Adam and Eve experienced the grace of God in the Garden of Eden, when God shed the blood of innocent animals to cover their nakedness, and promised them that the “Seed of the woman,” the virgin-born God-Man (a biological miracle), Jesus Christ, would crush the head of Satan and provide salvation by grace through faith for all believers (Genesis 3:15, 21). Now we know that the people who lived before the Flood, the antediluvians, had the grace of God preached to them from Adam to Noah.
There are three ways in which God revealed to Noah the gospel of the grace of God and His will for Noah’s life.
1) By Word of Mouth. “God has spoken by the mouth of all His holy prophets” (Acts 3:21). And God continues to speak to the lost by word of mouth, person to person. It is the most effective way to take the gospel of the grace of God to a lost world (Romans 10:13-17). It is very evident that Adam preached the gospel to his descendants. Consider Cain and Abel; they came at the same time, to the same place, for the same purpose—to worship God (Genesis 4:1-5). Who taught them to worship God? It was Adam, God’s first preacher. We know that Cain killed Abel and that another son was born to Adam and Eve, whose name was Seth. Seth had a son whose name was Enosh. “Then men began to call on the name of the Lord” (Genesis 4:25, 26). Who taught Seth and Enosh to call on the name of Jehovah?
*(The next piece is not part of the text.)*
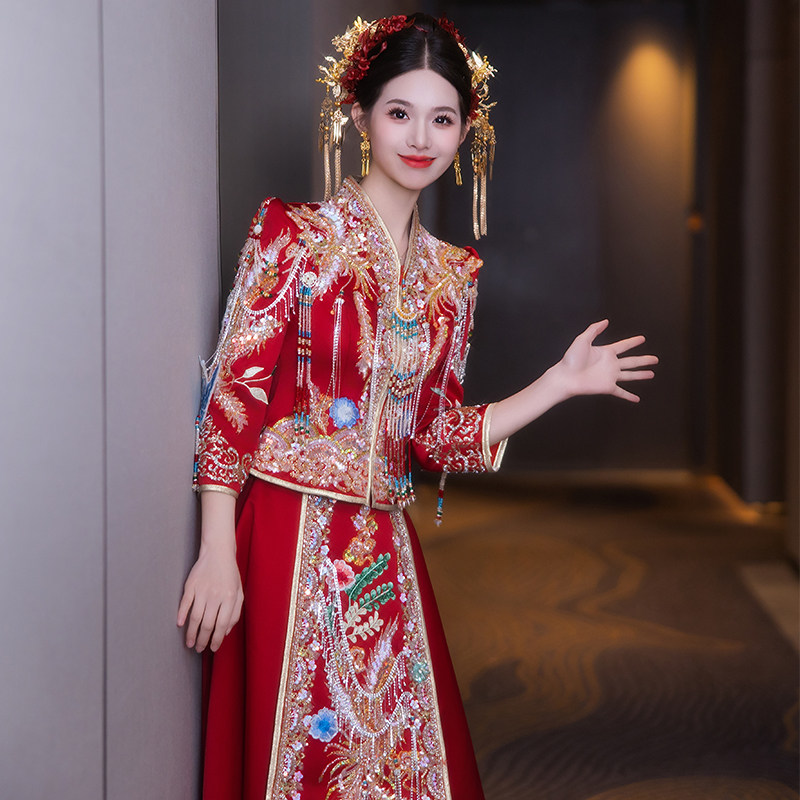V领秀禾服2025新款中式新娘结婚婚服敬酒服龙凤褂显瘦低领小个子
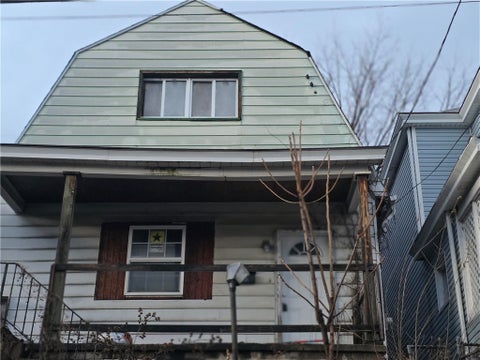 Homes For Sale - 830 Frank St<br/> McKees Rocks, PA 15136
God’s first prophet, Adam.
Noah could have received God’s Word from Methuselah, who could have been taught by Adam. When Adam died, Methuselah was 253 years old. This means that Adam, God’s first prophet, had 253 years in which to indoctrinate Methuselah. Methuselah lived 600 years after Noah was born; he was Noah’s grandfather. He had 600 years in which to teach Noah, his grandson. By word of mouth Adam taught Methuselah, and Methuselah taught Noah. So Noah found grace in the eyes of the Lord.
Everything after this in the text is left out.